For proponents of the ICC, indictments should disqualify people like Kony from participating in negotiations. The ICC shouldn’t contribute to indictees being legitimized and becoming the potential benefactors of peace negotiations. Rather, these individuals are supposed to be isolated, marginalized and eventually brought before judges at The Hague.
However, we can also take Bensouda’s statement as both an acknowledgement that the effects of international criminal justice on peace negotiations cannot be ignored.

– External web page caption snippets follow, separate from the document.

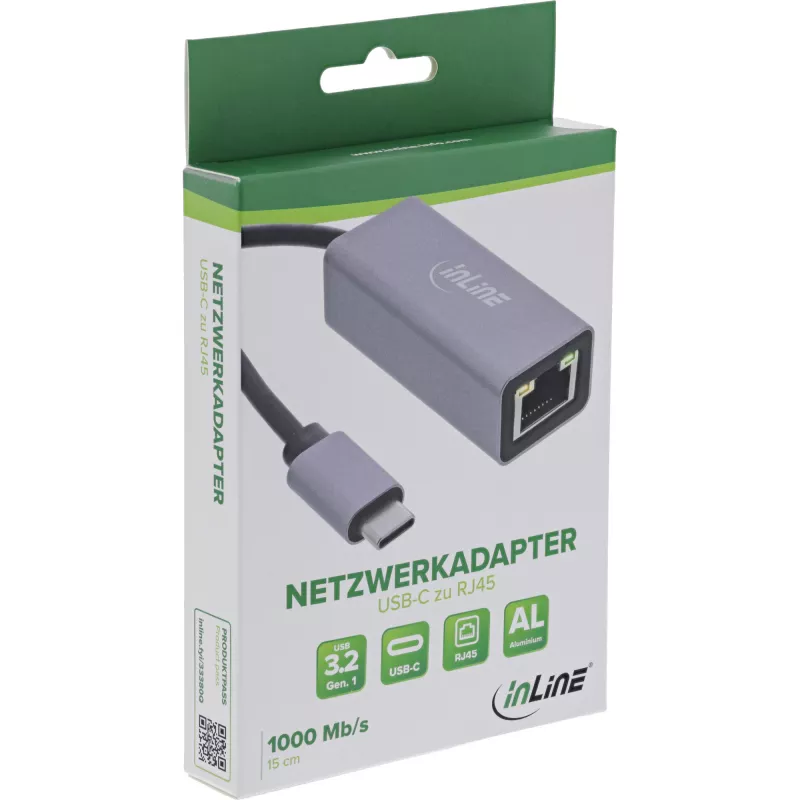 InLine 33380Q Προσαρμογέας RJ-45 USB Type-C αρσενικό 1 Gbit/s Γκρι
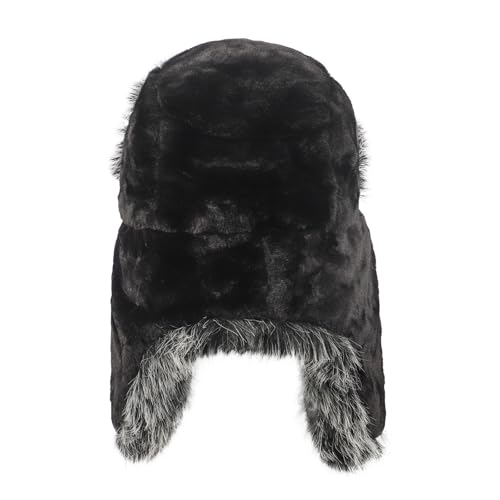 PURFUN Fuzzy Faux Fur Ushanka Russian Hat for Men Women, Winter Plush Full Hood Earflap Cap Cycling Ski Hunting Trapper Hat - color: Black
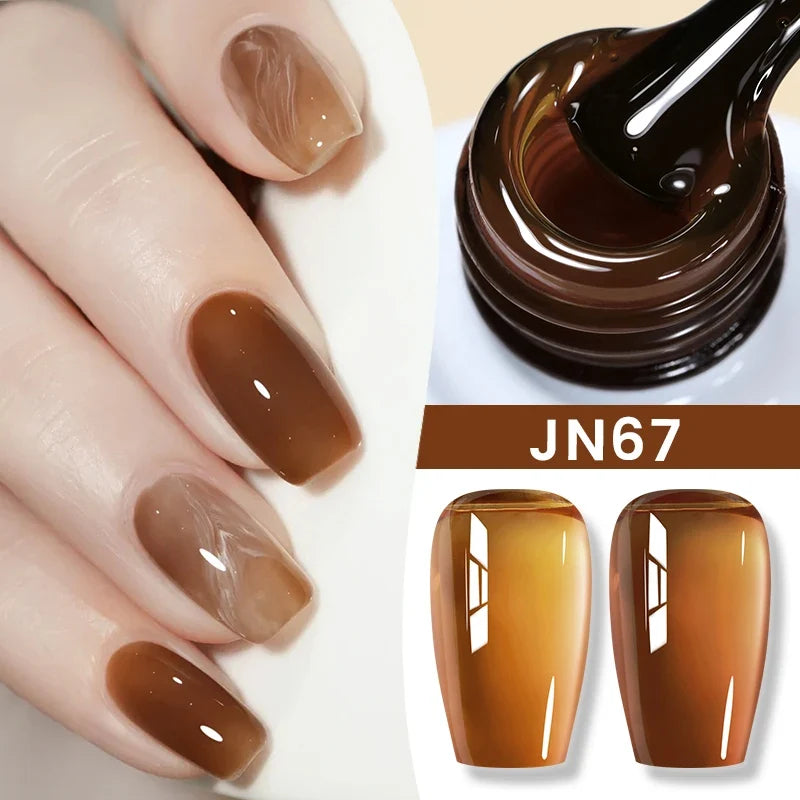 BORN PRETTY Jelly Nude Gel Nail Polish 10ml Light Pink Peach Translucent Color UV Light Cure Gel Varnish Nail Art DIY at Home 109
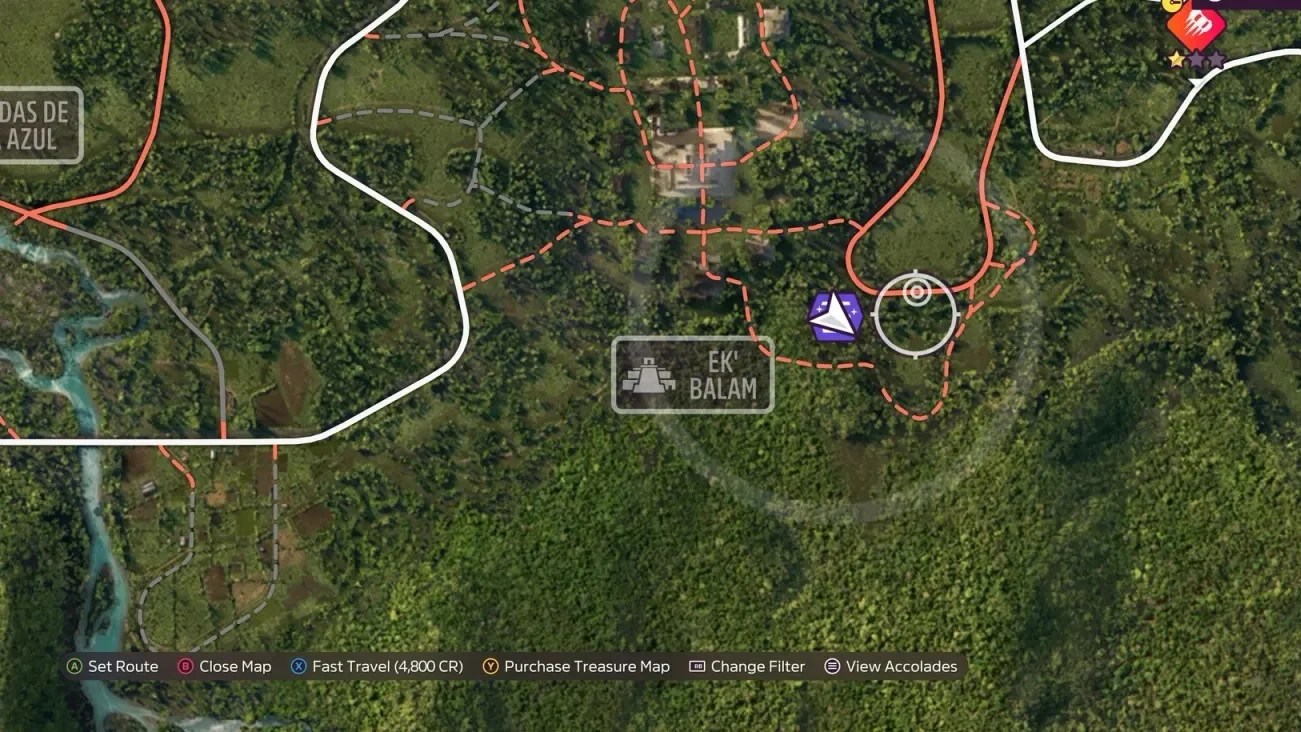 A map showing the location of a Treasure Chest in Forza Horizon 5.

But this leaves us with numerous questions. Critically, what comes next? What if negotiations with ICC indictees are successful? The Court has been able to claim its positive influence on the Juba Peace Process and avoid these tougher questions in large part because the Juba negotiations failed to achieve a comprehensive peace agreement and Joseph Kony is still on the run. The “what comes next” bit has never materialized.
If the ICC can have a potentially positive impact on peace processes (and I certainly think it can), then there’s an even more important question to ask: what can be done so that the potential effects of ICC interventions on peace processes are positive rather than negative?
The Move Away from Moralizing
Lastly, Bensouda’s intervention into the ‘peace versus justice’ debate affirms the increasingly obvious reality, as elaborated by Leslie Vinjamuri, that justifications of the ICC’s work have shifted away from moralizing arguments towards consequentialist arguments. It is no longer sufficient for supporters to argue that the ICC is a morally ‘good’ project that provides ‘justice’ to ‘people’. There is an expectation that the ICC delivers results.
A decade into its existence, people are as critical of the ICC as ever. But the arguments aren’t existential. It’s no longer about whether the Court can survive or not; it isn’t about whether the Court should exist or not. Those who reflect critically on the ICC increasingly judge the Court by its effects and by its impact on the situations in which it intervenes, including ongoing and active conflicts. That, in its own right, is a welcome development.